Have you been looking for a job for six, eight months even a year and still haven’t found anything?
Have you sent out hundreds of resumes and no one is calling?
Have you been on countless interviews only to be told that someone else got the job?
If any of these apply to you, it’s time to examine what might be the issue.
So where do you start?
Take a second look at your resume. You might think it’s great; however, the recruiter and hiring manager might think differently. If you have the opportunity, ask a recruiter their opinion of your resume. Most recruiters will give you pointers because recruiters really are jazzed about getting you the job. If you can’t ask a recruiter ask a former supervisor to take a look at it. You don’t want to ask a friend because friends don’t always tell us the truth fearing they might hurt our feelings. Another option is talk to a staffing/employment agency. They’ll give you honest feedback as well. You want someone to review your resume who has had a lot of experience looking at plenty of resumes.

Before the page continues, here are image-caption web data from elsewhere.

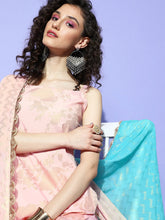 Women's Pink Floral Printed Sharara Set With Dupatta-AHKUDUSH-COMBO-501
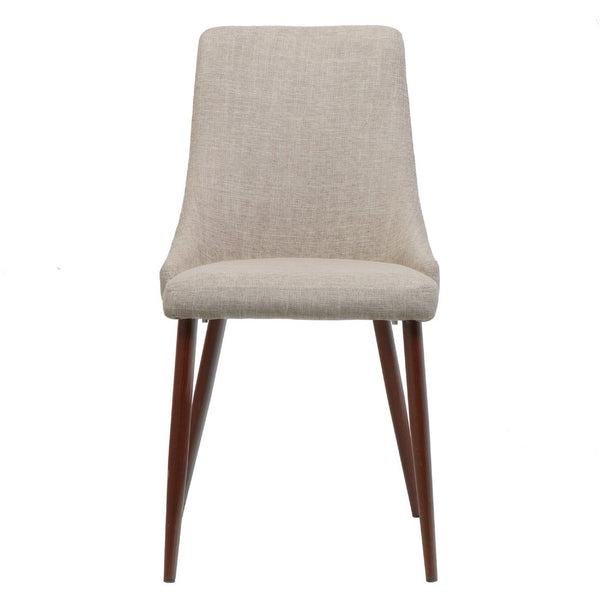 Dining Side Chair Set of 2, Wheat Brown Fabric, Tapered Iron Legs -BM335133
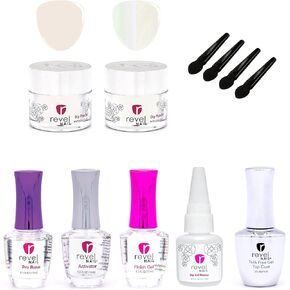 مجموعة بودرة غمس الأظافر من ريفيل - مجموعة بودرة غمس الكروم، مجموعة مانيكير مع مسحوق أظافر غمس ومجموعة سائل مسحوق غمس in Kuwait
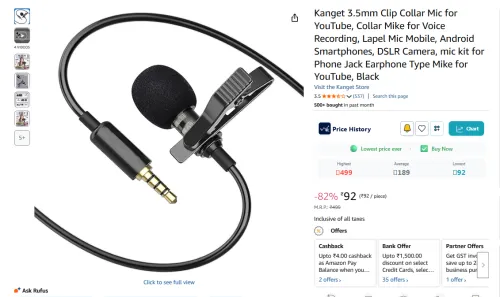 Image of Kanget 3.5mm Clip Collar Mic for YouTube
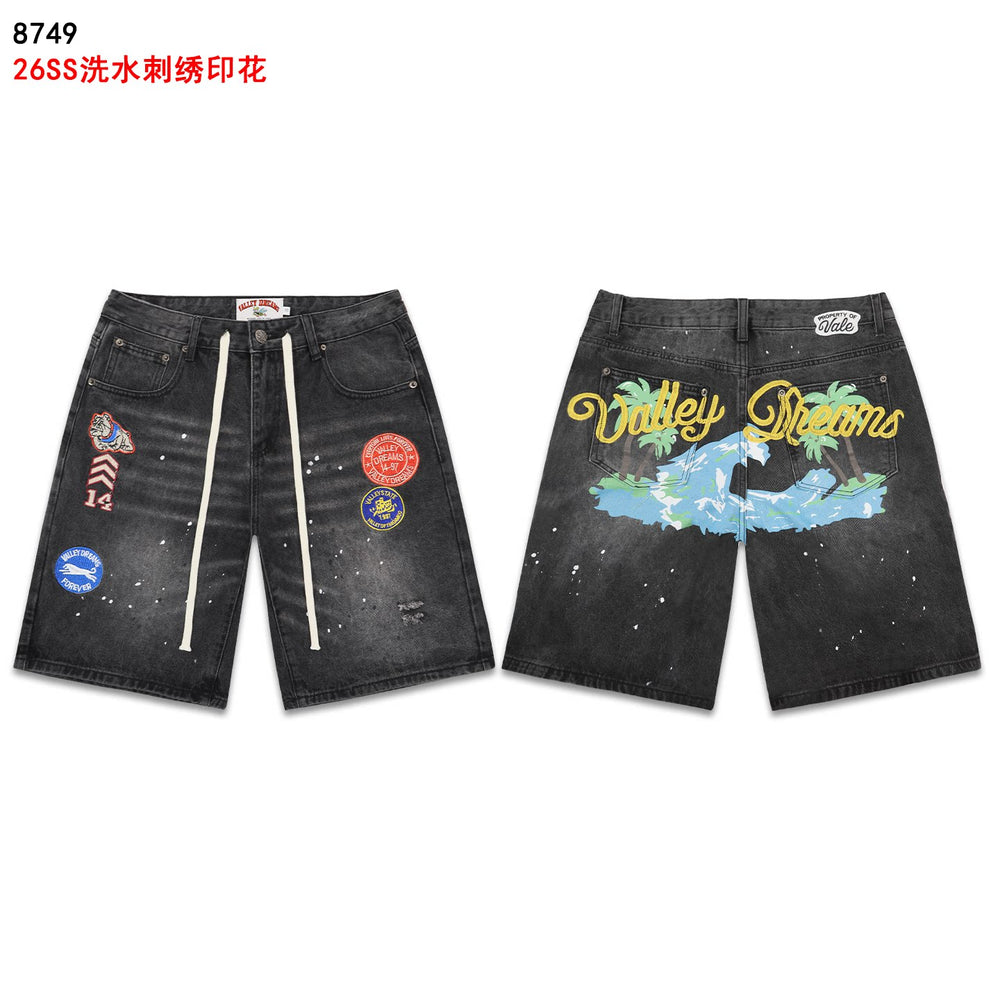 VALEFOREVER Black Washed Denim Shorts with Tropical Palm Tree Print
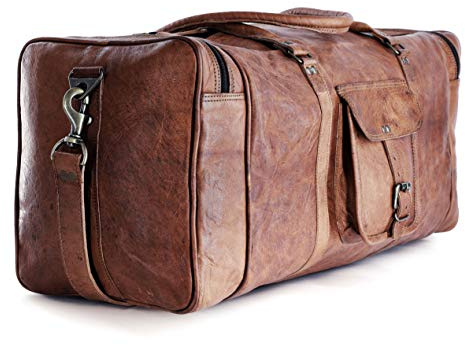 Leder-Seesäcke groß 24 Zoll Square Duffel Travel Gym Sports Overnight Weekender Ledertasche für Männer und Frauen von KPL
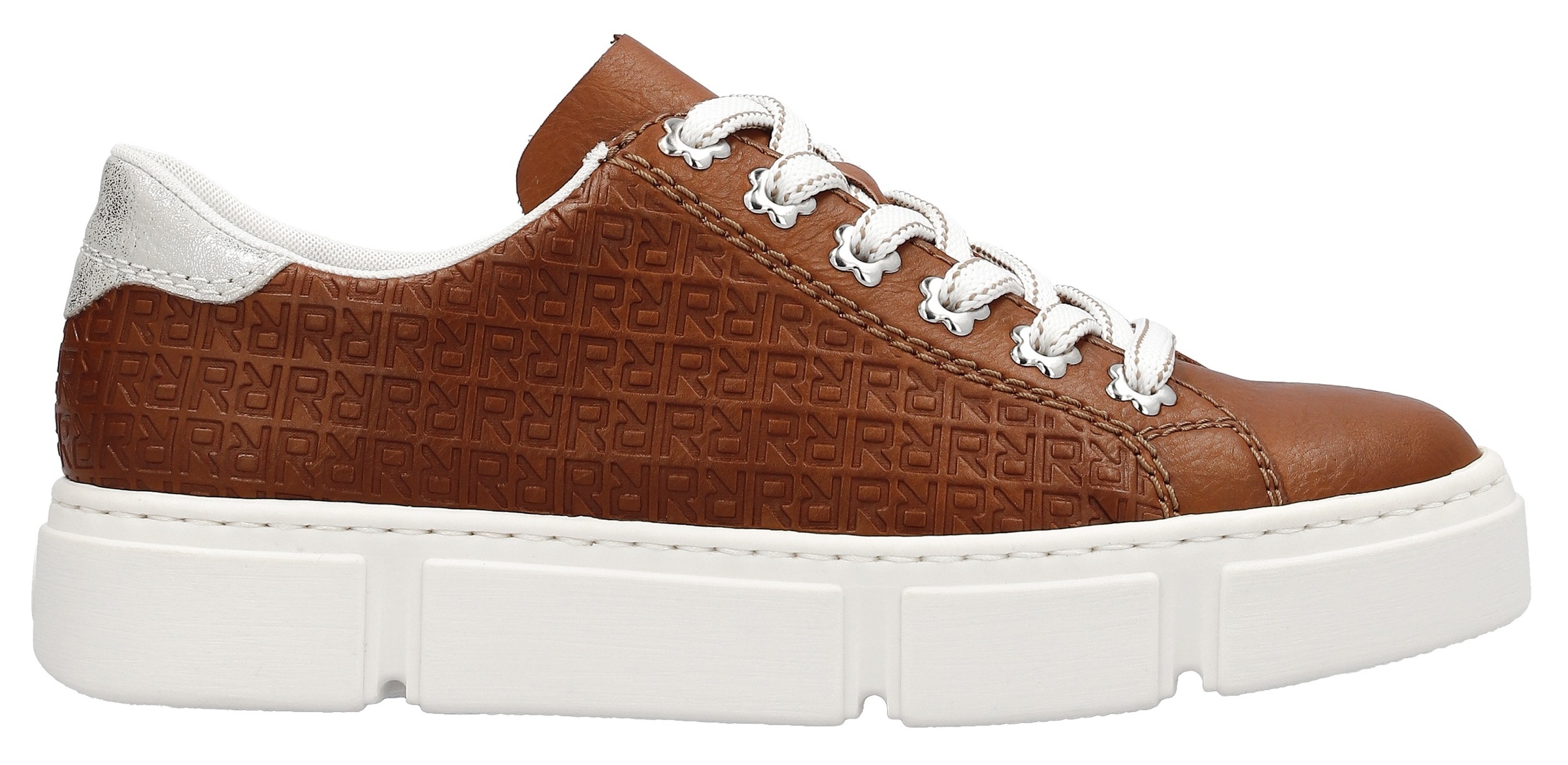 Rieker Plateausneaker »Freizeitschuh, Schnürhalbschuh«, mit seitlicher Prägung, Freizeitschuh, Halbschuh, Schnürschuh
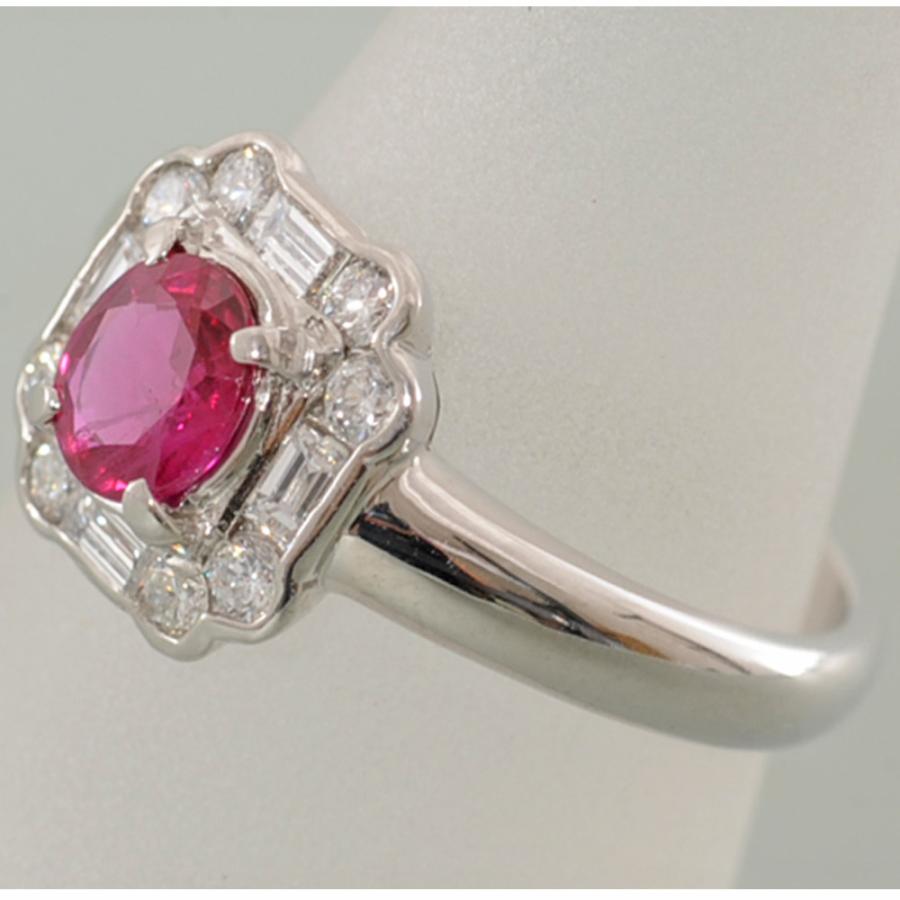 H46】 Pt900 プラチナ 天然ルビー 0.743ct 天然ダイヤモンド 0.42ct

Finally, make sure to tailor your resume to each job. No longer does one size fit all in the world of resumes.
It’s time to practice your answers to interview questions. If you can remember some of the interview questions you’ve been asked, write them down and then write down your responses. There is plenty of help on the internet related to interview questions and responses. I’ve also included a list of some of the more common interview questions with responses HERE. Remember to keep your answers brief and to the point. As you practice, time your responses. If you take ten minutes to answer a question, try again. You want to keep your answers less than ten minutes. Also, keep your responses related to the job the company needs to have done. Review the job description and write down examples of how your experience meets the requirements of the job. Don’t bring up examples of experiences that have nothing to do with the job. Find someone to practice with, perhaps a previous co-worker.
Sometimes salary requirements can prevent you from obtaining employment. If you’re standing firm on a particular amount and you know it’s too high or you’ve been continuously told your requirements are outside of the range, perhaps it’s time to lower your expectations. Doing so depends on how long you want to be employed. Sometimes companies will hire you at a lower rate and then once you’re employed and they see how much you can do they will adjust your salary. This has happened to me on occasion. Be sure to conduct your research to make sure that your expectations are market rate for your skills. Just because you were making the amount at one company doesn’t mean another company has to pay you the same.
Applying to Jobs that You’re Qualified to Do
Over the years I’ve seen applicants set themselves up for failure and frustration applying to jobs they weren’t qualified to do. If you truly are qualified, make sure that your resume reflects your qualifications. But if you know that you aren’t qualified don’t apply. Spend your time wisely applying to those jobs that you’re qualified to do. If you want to make a career change, consider accepting a position that you can do while you train to make the change. If you’ve been training, then make sure you explain in the cover letter why you are applying and what you’ve done to qualify for the position.
Unexplained Gaps in Employment
Does your resume show gaps in employment without any explanation? If so, you need to correct this immediately or you’re only setting yourself up to not be contacted. Explain either on the resume or cover letter why there is a gap. The majority of the time gaps are explainable and no big deal. But if you don’t explain them recruiters aren’t likely to take the time to call especially if they have plenty of other qualified applicants.
Are You Only Looking on Indeed?
If you’re only using one source to look for open positions you might be unemployed for a very long time. Companies don’t use one source to post their jobs. Many companies don’t post their jobs at all. You’ll need to conduct a search of companies in the area and start looking at their websites. The local Chamber of Commerce is a good source to determine companies in the area. Other sources to use to look for jobs include professional associations, networking groups, and social media especially LinkedIn.
If you have already followed all the guidance above and you’re still having trouble, it might be time to consider relocation. Sometimes the market for certain jobs changes. In this case you’ll need to consider changing professions or relocating to where the jobs for your skill sets are.
My point here is that if you’re having trouble finding a job there are things you can do to help yourself find employment again.
And don’t forget – stay positive and persistent!